A full-length album of the same name soon followed, which spawned two additional hit singles, "Colour of Love" and the Hani remix of "One More Night".

=== 1998–1999: Amber ===
In 1999, Amber released her self-titled second album, which garnered the most mainstream attention thus far. The album was preceded in 1998 by the single "If You Could Read My Mind", both a cover version of the 1970 song of the same name by Canadian singer-songwriter Gordon Lightfoot and a collaboration with Ultra Naté and Jocelyn Enriquez; the trio recorded and performed the track under the name Stars on 54 for the closing scene and end credits of the Miramax film 54.

The first official single from Amber was "Sexual (Li Da Di)", which charted on the Billboard Hot 100 and spent 17 weeks at No. 1 on the Singles Sales Chart.
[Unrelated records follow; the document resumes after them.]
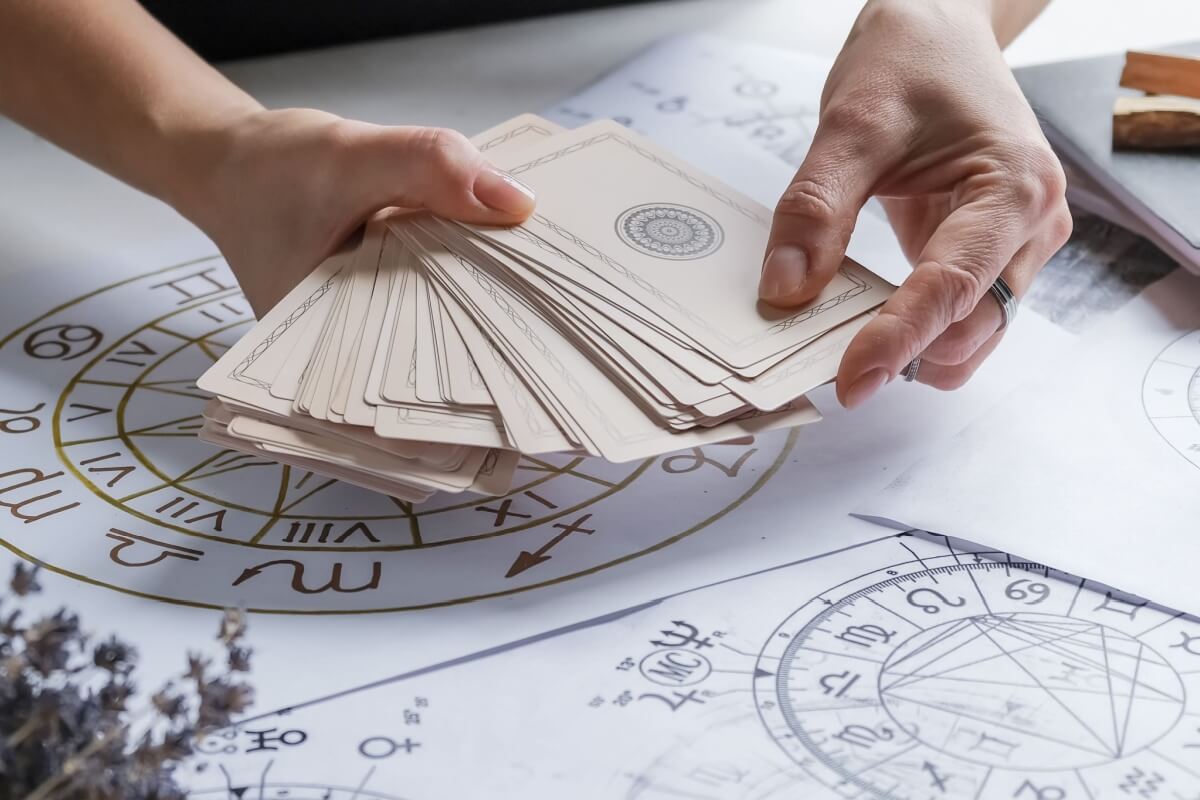 Será um dia  de novos começos, aprendizados e ajustes emocionais importantes (Imagem: Shyntartanya | Shutterstock)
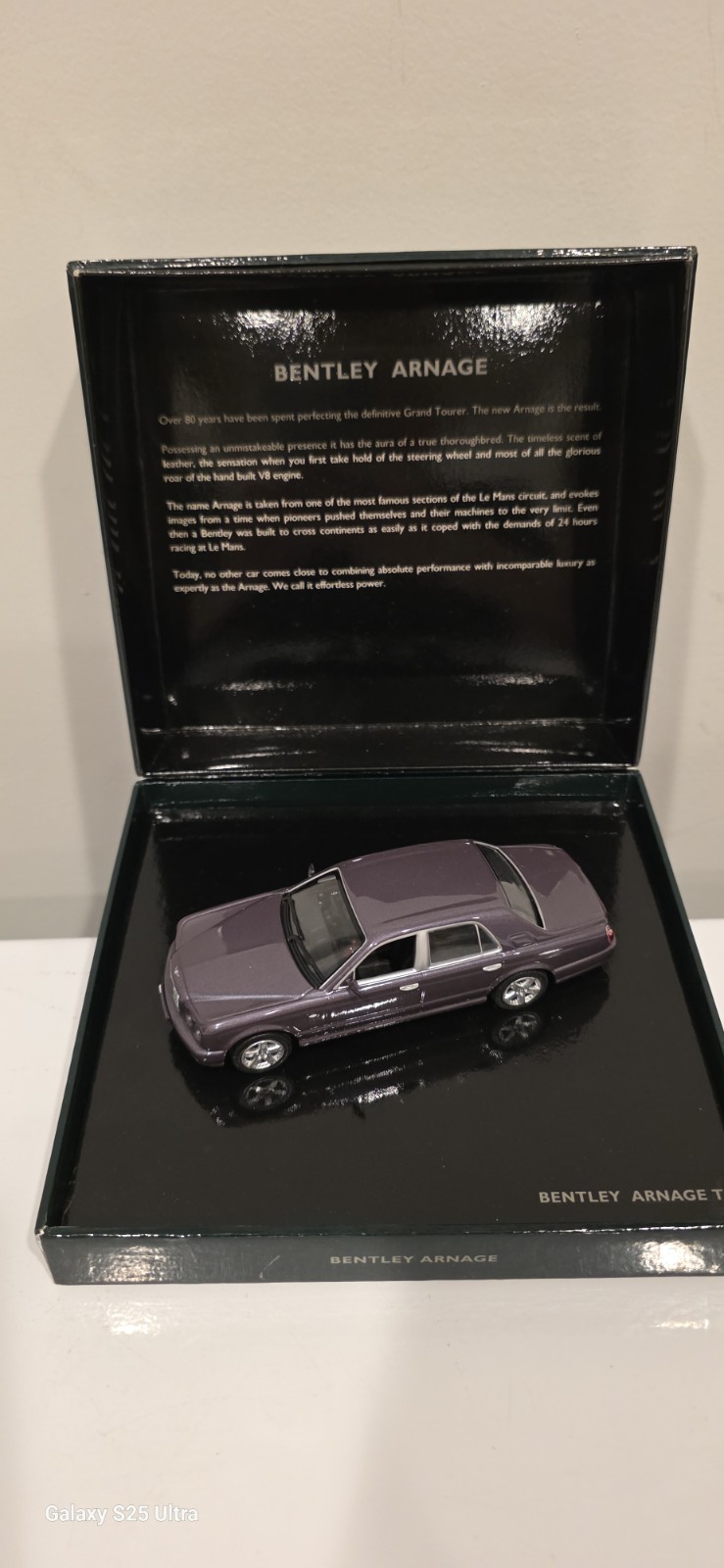 Minichamps Bentley Arnage T 2004 1:43 BL384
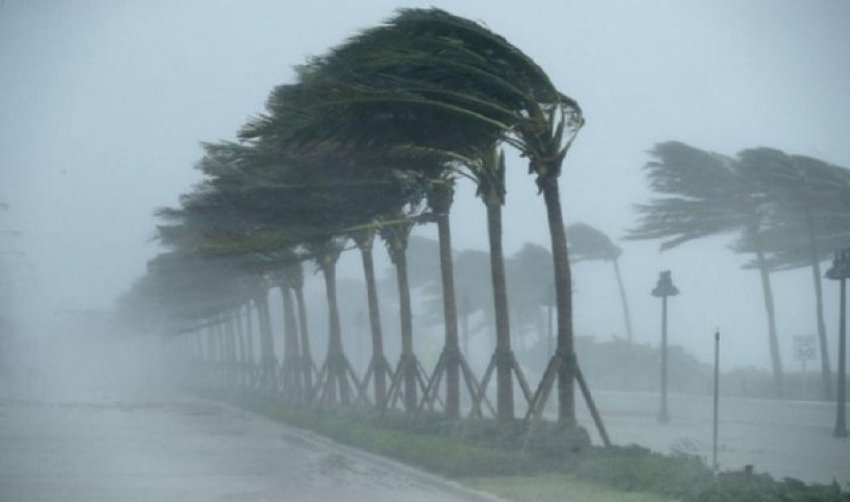 Erërat e forta rrëzojnë minaren e xhamisë në Plluzhinë të Skenderajt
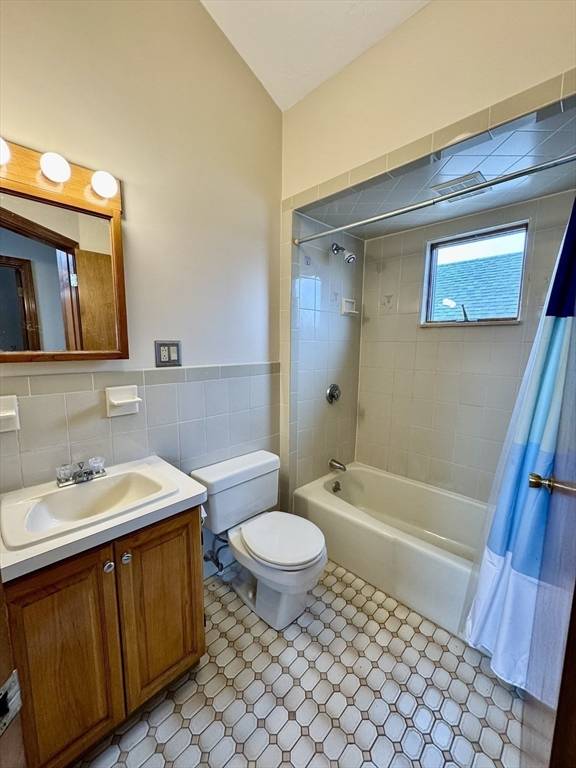 Everett, MA 02149,51 Peirce Avenue #3
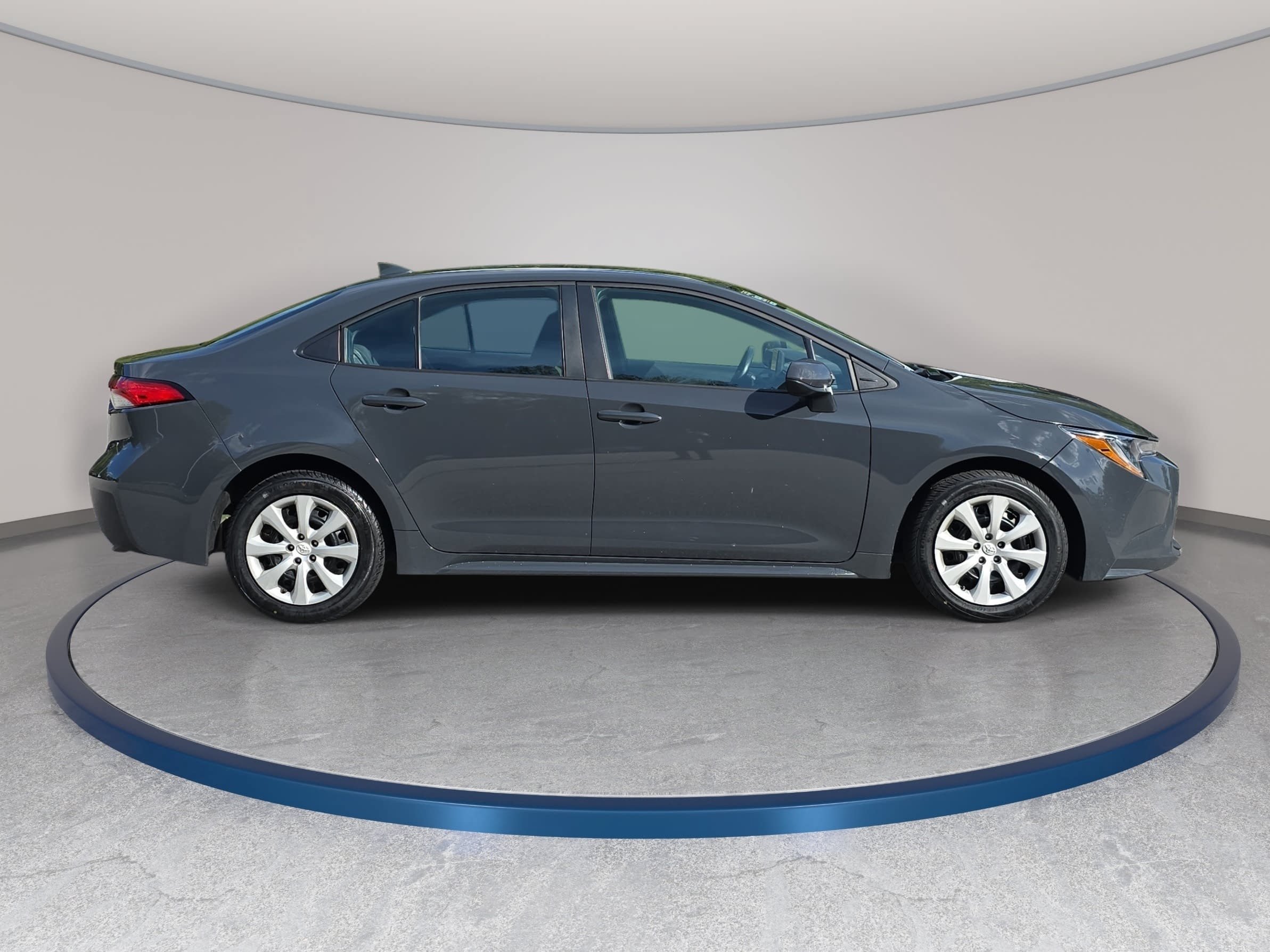 Used 2024 Toyota Corolla LE FWD image 4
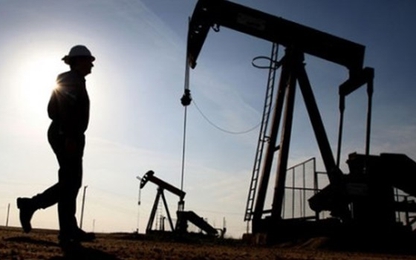 Giá dầu “nằm đáy” 3 tháng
The album also included the No. 1 dance hits "Above the Clouds" and "Love One Another". The former song, as well as the album cut "Object of Your Desire", later gained exposure when licensed for the television series Sex and the City (1998–2004).

In addition to four American singles, German label ZYX also released "Do That To Me One More Time" and "I Found Myself in You". The former single was recorded exclusively for the European market and issued with an accompanying video, shot in Manhattan.

=== 2000: The Hits Remixed ===
Amber's next album, The Hits Remixed, was released in 2000. The album included remixes of all of her singles to that time, including "If You Could Read My Mind", as well as the non-album track "Taste the Tears", which she recorded for the Sex and the City soundtrack. "Taste the Tears" was written by Diane Warren and produced by Thunderpuss.

Remixes of "Love One Another" and "Taste the Tears" were commissioned to promote the album. "Love One Another", which peaked at No. 1 on the Billboard Dance Club Play Chart, thus became the fourth overall single from Amber and the first from The Hits Remixed.

In addition to her own recordings, Amber co-wrote "Bless You Child", which Bette Midler sang and recorded on her 2000 album Bette, along with Billy Steinberg and Rick Nowels. She also sang on Nile Rodgers' charity single "We Are Family"; Amber can be seen sharing the microphone with Dionne Warwick in the music video, directed by Spike Lee.

Another milestone was achieved in 2001, when Cher covered "Love One Another" for her album Living Proof (2001). In 2003, the song returned to No. 1 through Cher's release as a double A-side with "When the Money's Gone"), and was nominated for a Grammy Award for Best Dance Recording, an accolade that Amber shared as co-songwriter.

=== 2001–2003: Naked and departure From Tommy Boy ===
Amber's third album, Naked, was released in early 2002. Musically, Amber continued the path she had started with: she continued to co-write her own songs and lyrics and attempted even more of a departure from her original Eurodance sound. Three singles were culled from the album.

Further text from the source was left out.